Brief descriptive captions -
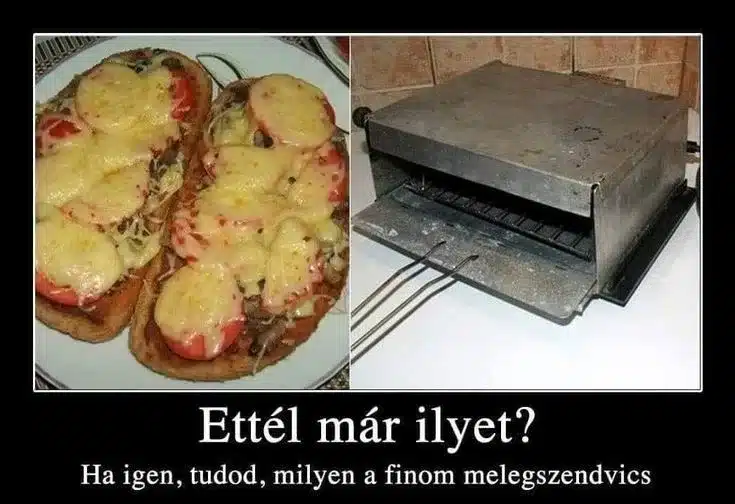 Vicces képek - 1738240513 Vicces képek – 1738240513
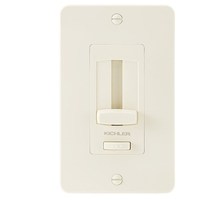 Transformer/Accessory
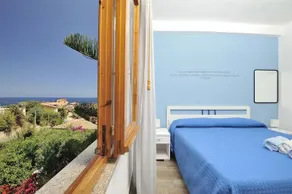 Apartment Dissoro - Image 2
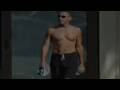 videos de US PRESIDENT BARRACK OBAMA SHIRTLESS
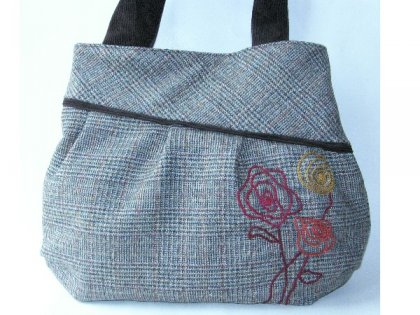 MODA W KRATK�
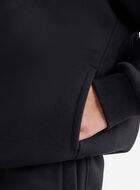 One Hoodie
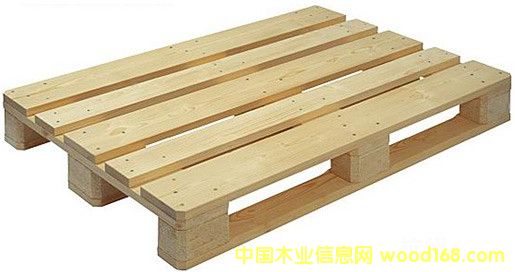 �бP2��Ԕ��(x��)��B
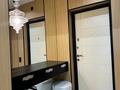 3-комнатная квартира · 80 м² · 9/10 этаж, 19-й мкр 15 за 28.5 млн 〒 в Актау — фото 14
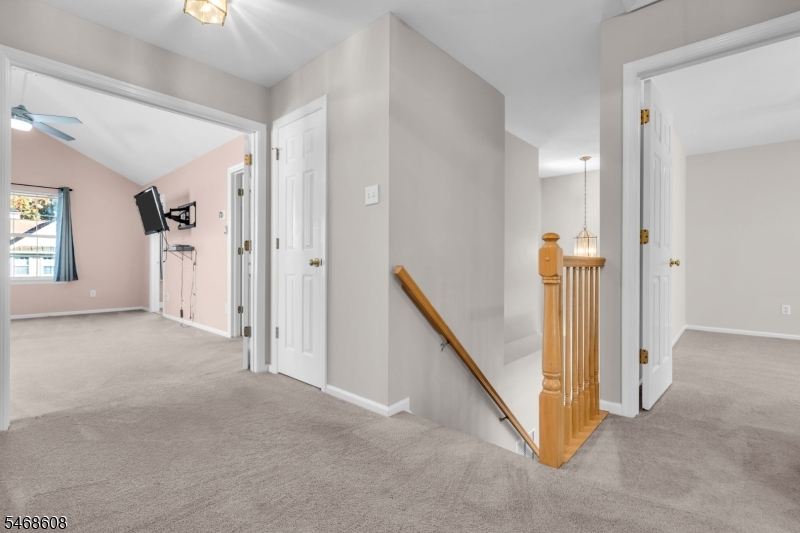 44 Plantation Road Readington NJ 08889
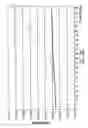Fig. 43 - Method for amplification of RNA sequences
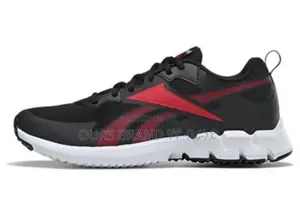 Photo - Reebok Ztaur Run II Running High Master Quality Luxury Shoes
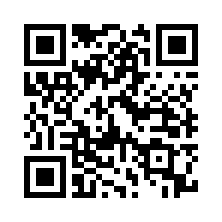QR Code for 1KJAZSHdo2LpyhQsHAApsZkbtWfugWPVf5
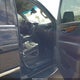 1GYS4HKJ1HR124958 2017 Cadillac Escalade Esv Luxury auction photo thumbnail 5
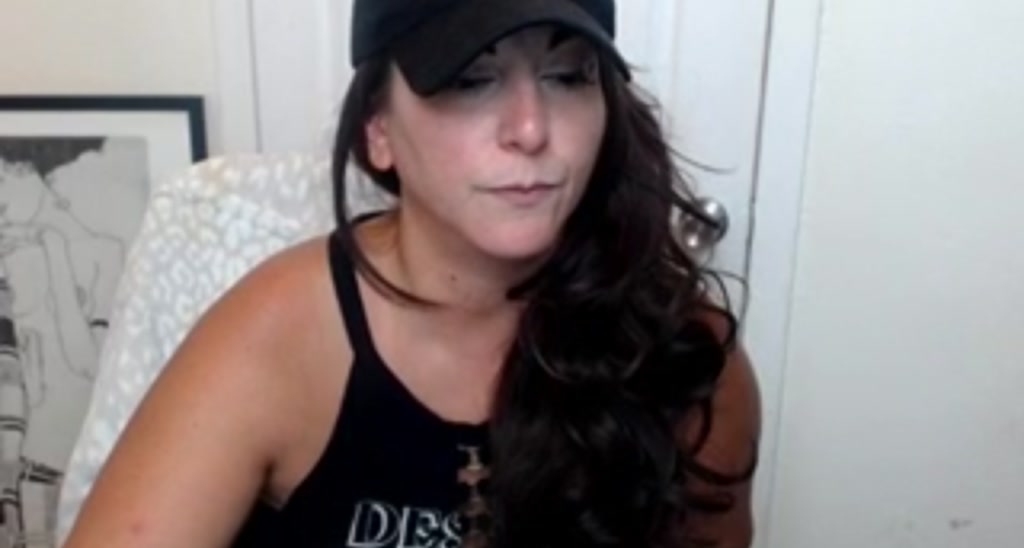 Curvyasfuck video thumbnail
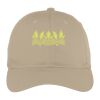 Fine Twill Cap Thumbnail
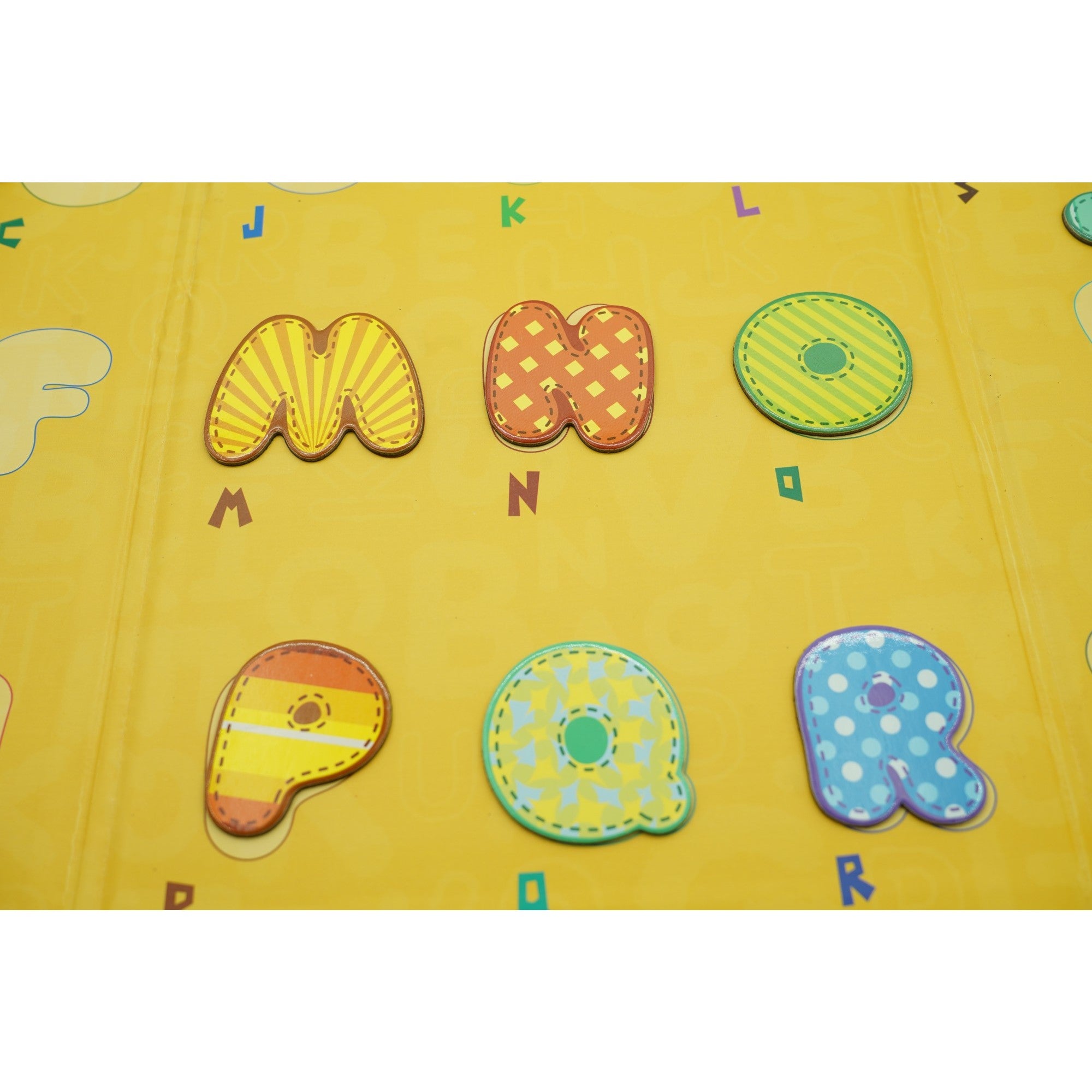 Joc Magnetic Fancy Magnetic Chartlet Flippy, 26 piese, +3 - Default Title (8) [ps:bf65a2f9-51ab-47f4-a884-6bcddab1a882]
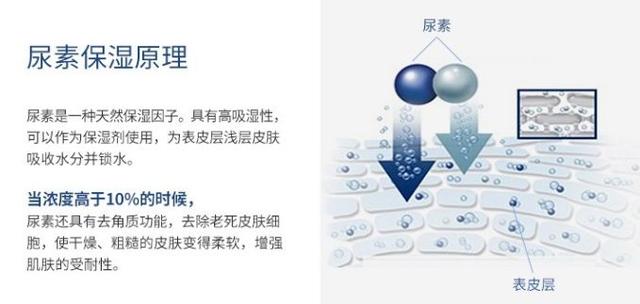 毛周角化病涂什么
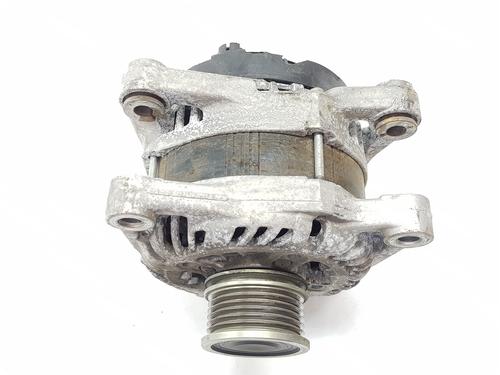Alternator CITROËN BERLINGO Box Body/MPV (K9) | BP36678934M7 - Image 3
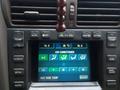 Lexus GS 300 1999 года за 3 400 000 тг. в Семей – фото 6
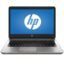 Hp-Probook-640-G2-Notebook-Intel-Core-i5-6th-Gen-8GB-RAM-500GB-HDD-14-Inches-HD-Display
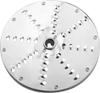 SARO R007 Rasp 7 mm voor CARUS/TITUS - 418-2015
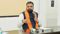 Samrat Choudhary Governmen
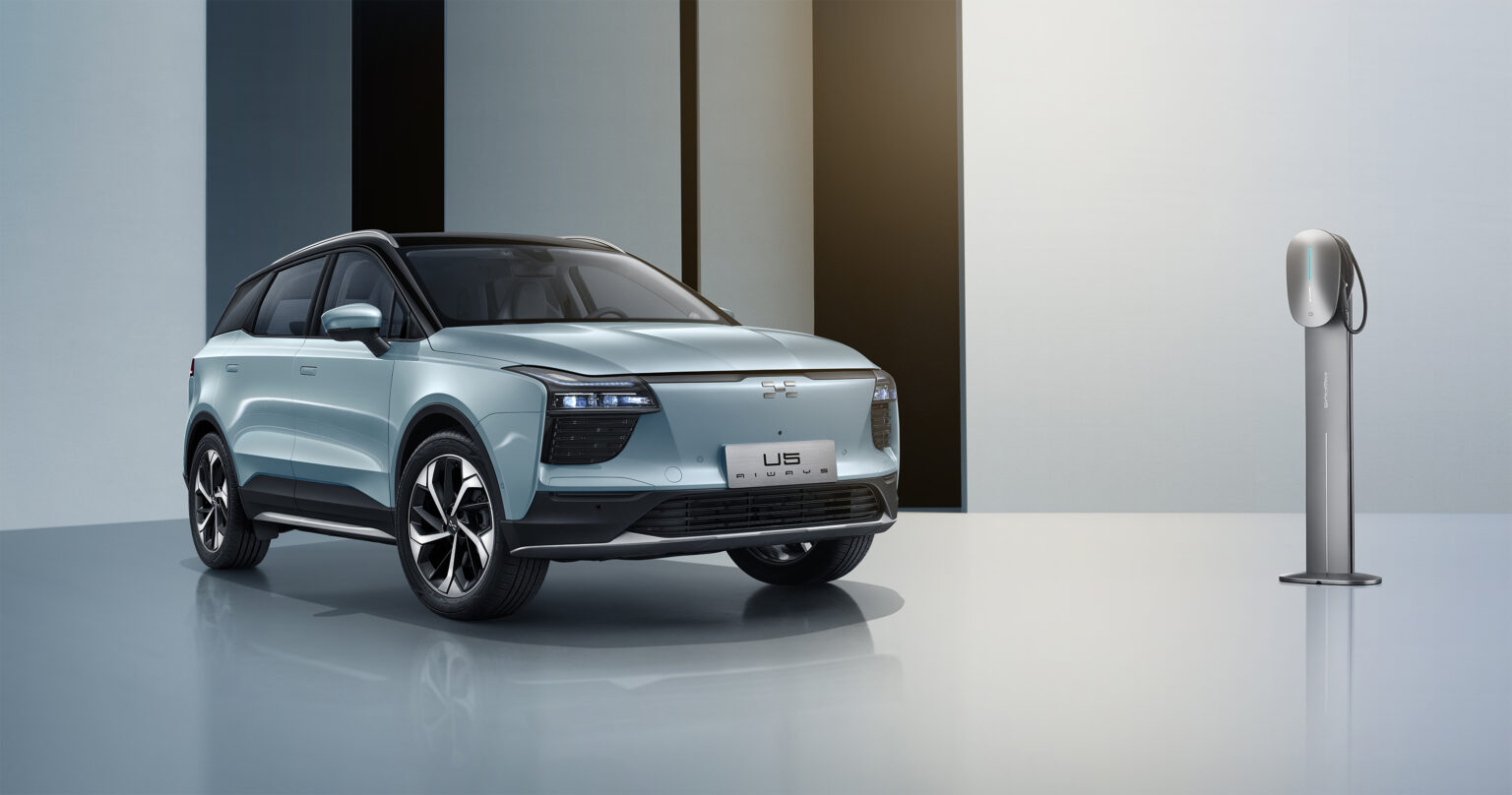 電動汽車,新能源汽車,電力設(shè)施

What you will do - What is needed is an exact copy of every entry, minus the images.

Result -
 Vicces képek - 1738240513 Vicces képek – 1738240513
 Transformer/Accessory
 Apartment Dissoro - Image 2
 videos de US PRESIDENT BARRACK OBAMA SHIRTLESS
 MODA W KRATK�
 One Hoodie
 �бP2��Ԕ��(x��)��B
 3-комнатная квартира · 80 м² · 9/10 этаж, 19-й мкр 15 за 28.5 млн 〒 в Актау — фото 14
 44 Plantation Road Readington NJ 08889
Fig. 43 - Method for amplification of RNA sequences
 Photo - Reebok Ztaur Run II Running High Master Quality Luxury Shoes
QR Code for 1KJAZSHdo2LpyhQsHAApsZkbtWfugWPVf5
 1GYS4HKJ1HR124958 2017 Cadillac Escalade Esv Luxury auction photo thumbnail 5
 Curvyasfuck video thumbnail
 Fine Twill Cap Thumbnail
 Joc Magnetic Fancy Magnetic Chartlet Flippy, 26 piese, +3 - Default Title (8) [ps:bf65a2f9-51ab-47f4-a884-6bcddab1a882]
 毛周角化病涂什么
Alternator CITROËN BERLINGO Box Body/MPV (K9) | BP36678934M7 - Image 3
 Lexus GS 300 1999 года за 3 400 000 тг. в Семей – фото 6
 Hp-Probook-640-G2-Notebook-Intel-Core-i5-6th-Gen-8GB-RAM-500GB-HDD-14-Inches-HD-Display
 SARO R007 Rasp 7 mm voor CARUS/TITUS - 418-2015
 Samrat Choudhary Governmen
 電動汽車,新能源汽車,電力設(shè)施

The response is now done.